This November, the Journal of Supreme Court History published a new article from Institute for Free Speech Research Director Helen Knowles-Gardner detailing the oral argument history of the critical 1964 Supreme Court case, NAACP v. Alabama ex rel. Flowers. The resulting decision in that case was a historic victory to preserve the First Amendment rights of speech and assembly.
The article can be found in the Journal of Supreme Court History Volume 49 Issue 3 (November 2024), pages 213-239.
Richmond M. Flowers, Attorney General of Alabama 1963-1967
(Houston Post, March 1, 1966, collection of Helen Knowles-Gardner)
From the abstract:
This Article tells the story of the March 24, 1964, Supreme Court oral arguments in NAACP v. Alabama ex rel. Flowers. The unanimous decision, announced by the Court on June 1, 1964, constitutes a landmark free speech and freedom of assembly ruling. Analysis of the arguments is framed using the notes taken by New York Times Supreme Court correspondent Anthony Lewis. They were arguments which caught even the highly experienced and Pulitzer Prize-winning journalist off guard. Using those notes, and other extensive primary research materials (from myriad archival collections, including the papers of Justices Tom Clark and Charles Evans Whittaker), the Article leads the reader through the background to the case, setting the stage for the oral arguments which laid bare the procedural shenanigans that Alabama had engaged in for eight years.
(Left) New York Times reporter Anthony Lewis (Associated Press wire photograph, 1963, collection of Helen Knowles-Gardner)
(Right) Anthony Lewis’s notes that he took during oral argument in NAACP v. Alabama ex rel. Flowers (1964) (Part II, Box 10, Annual File, Supreme Court, Notes, October Term 1963 (3 of 4), Anthony Lewis Papers, Manuscript Division, Library of Congress, Washington, D.C.)

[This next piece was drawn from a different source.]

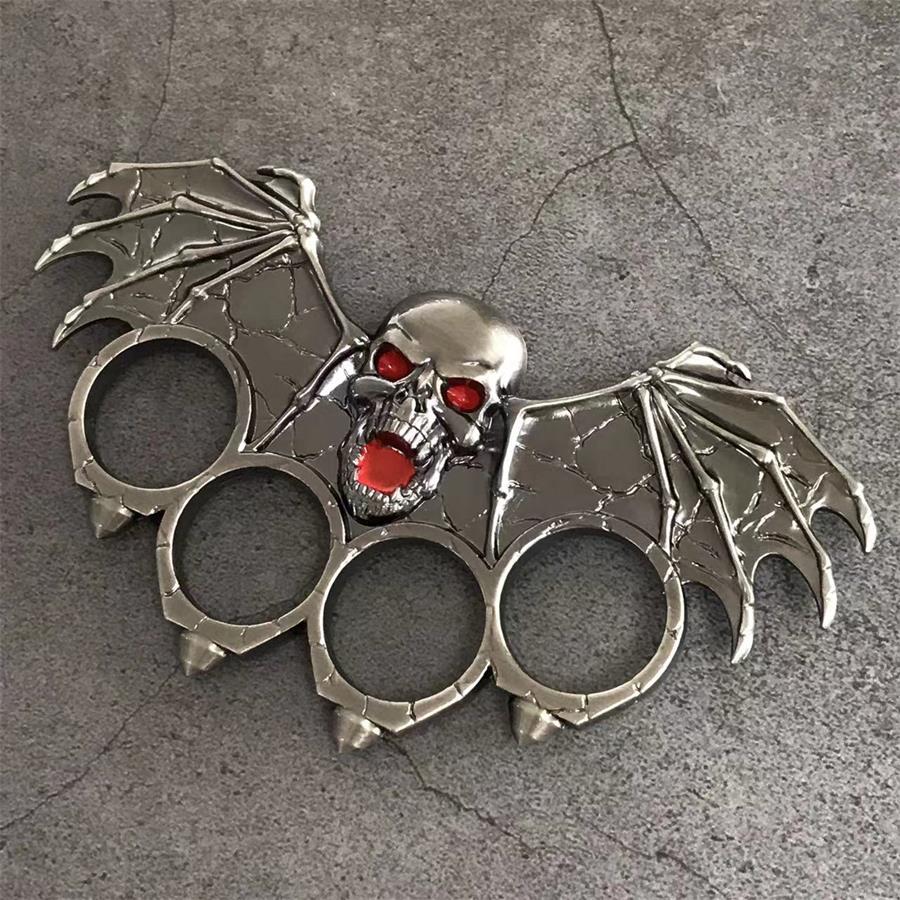 Creative Four-Hole Outdoor Tool with Bat-Shaped Zinc Alloy Structure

This piece is the second of two articles authored by Knowles-Gardner about the NAACP litigation. The Seattle University Law Review published the first installment, “The First Amendment to the Constitution, Associational Freedom, and the Future of the Country: Alabama’s Direct Attack on the Existence of the NAACP,” on First Amendment Day (September 25th) this year.